Analytical insights on economic transition: ranking key determinants using machine learning approach
摘要
This research attempts to highlight the strategies that need to be implemented by countries to escape the middle-income trap by sequencing the predictors responsible for economic transition from middle income to high income category using machine learning techniques. Random Forest (RF) and Support Vector Machine (SVM) are the two modelling techniques utilized on data of 85 nations’ covering 28 variables. A mixed approach that combines Principal Component Analysis (PCA) is used to address multicollinearity while preserving explained variance. The identified factors encompass the interplay of structural, macroeconomic, institutional indicators within a given demographic dynamics that contour the progression of countries from middle to high-income groupings. The PCA-transformed determinants are trained via RF and SVM. Subsequently, the original variables are recovered and analysed through back mapping. The study also uses Logistic Regression (LR) as a simple linear baseline model for comparison of Variable Importance Plots (VIPs) obtained from the RF and SVM techniques.
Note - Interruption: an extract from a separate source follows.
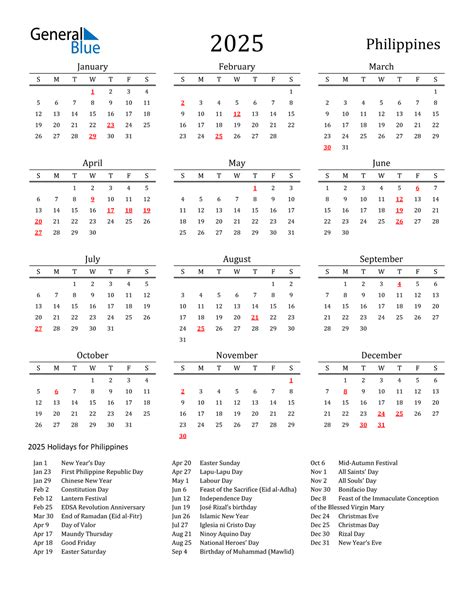 2025 Philippines Calendar With Holidays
The prioritization of industrial upgradation, sophistication of exports, human capital development and improvement in governance emerge out to be unique set of contributors to transition. This strengthens the view that economic transitions are not determined by isolated interventions but by the synergistic effects of macroeconomic, institutional, and structural dynamics. Future research may search for dynamic connections among policy instruments, feedback mechanisms in trade and institutional ecosystems. The resilience of transition pathways in the face of external shocks is equally pertinent.